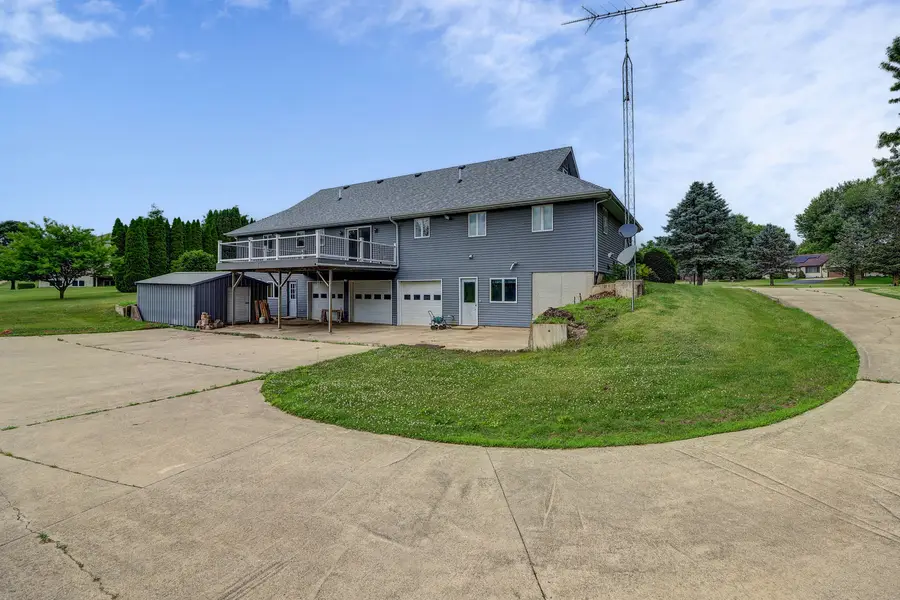 2205 Meadows Drive, Sterling, IL 61081 - #3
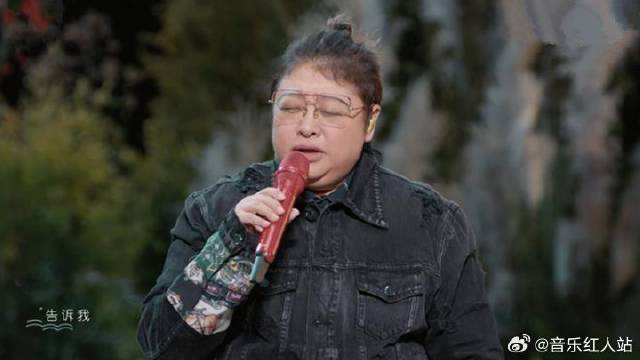 韩红惊喜现身时光，再现经典《那片海》，开口就震撼全场！
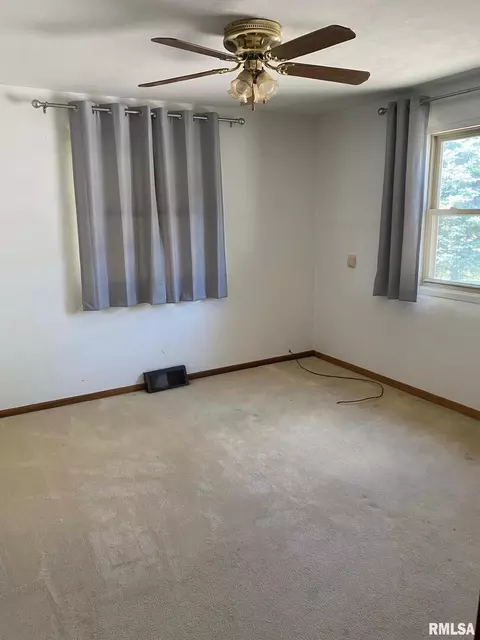 2111 10th St, Silvis, IL 61282 photo 11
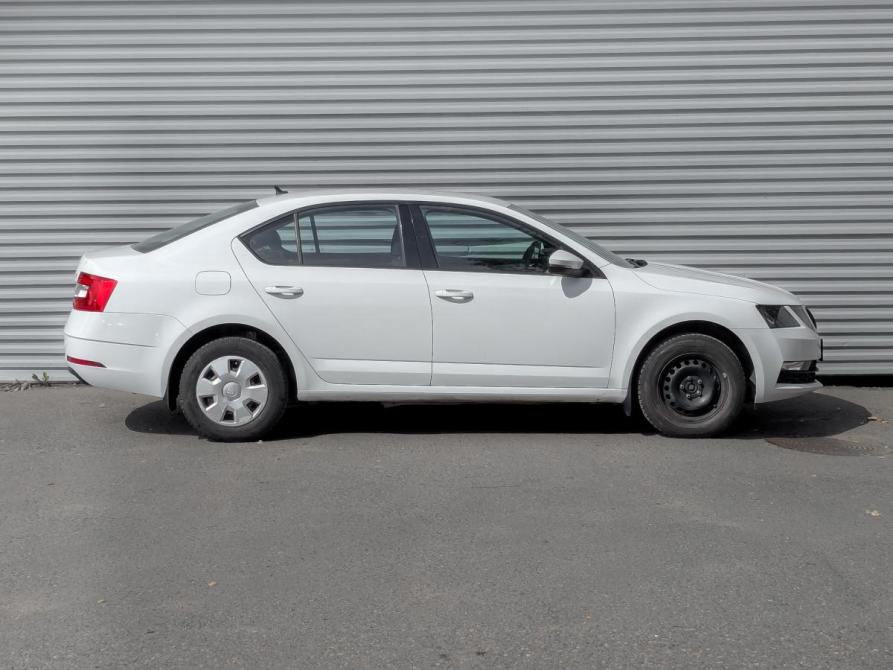 Skoda Octavia III (A7) Рестайлинг Москва  - изображение 4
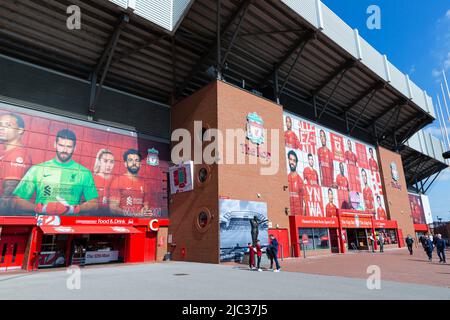 The Kop, Liverpool FC, Anfield Stadium, Liverpool, Inghilterra, REGNO UNITO Foto Stock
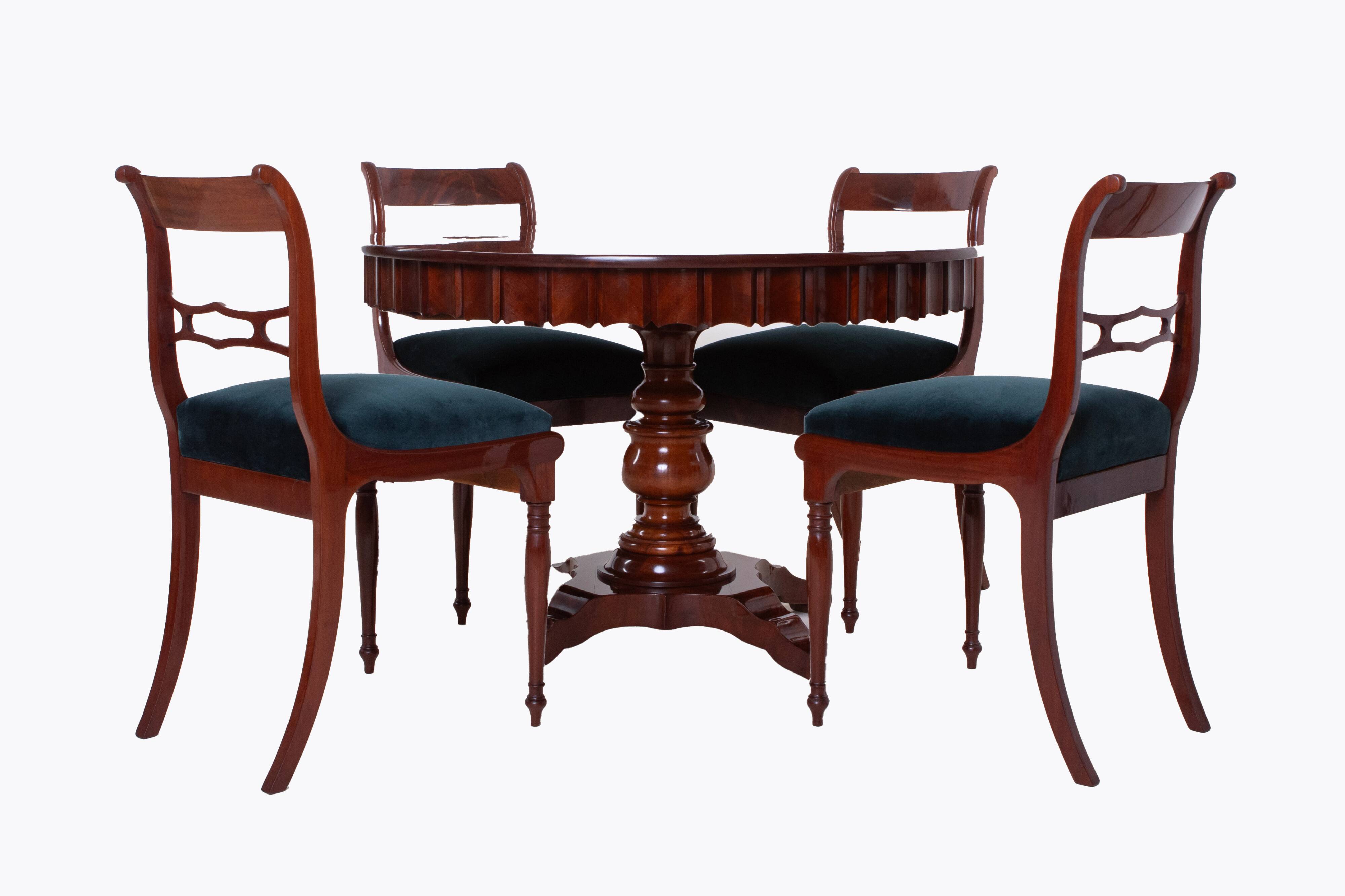 Biedermeier dining set, round table and four chairs, 19th century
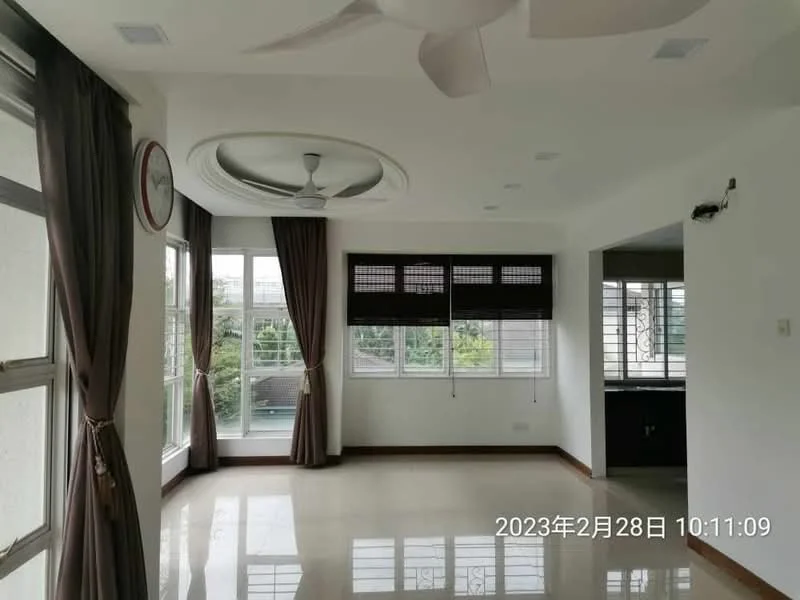 Living features: white painted walls, polished tile flooring, tray ceiling, 5-blade ceiling fan with light, floor-to-ceiling windows, blackout curtains, window with grid pattern, clock on wall, view of greenery outside; style: modern; view: garden.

• _Assignment_
Start at the first line and set down all of the data exactly, passing over the pictures.

• _Response area_
 2205 Meadows Drive, Sterling, IL 61081 - #3
 韩红惊喜现身时光，再现经典《那片海》，开口就震撼全场！
 2111 10th St, Silvis, IL 61282 photo 11
 Skoda Octavia III (A7) Рестайлинг Москва  - изображение 4
 The Kop, Liverpool FC, Anfield Stadium, Liverpool, Inghilterra, REGNO UNITO Foto Stock
 Biedermeier dining set, round table and four chairs, 19th century
 Living features: white painted walls, polished tile flooring, tray ceiling, 5-blade ceiling fan with light, floor-to-ceiling windows, blackout curtains, window with grid pattern, clock on wall, view of greenery outside; style: modern; view: garden.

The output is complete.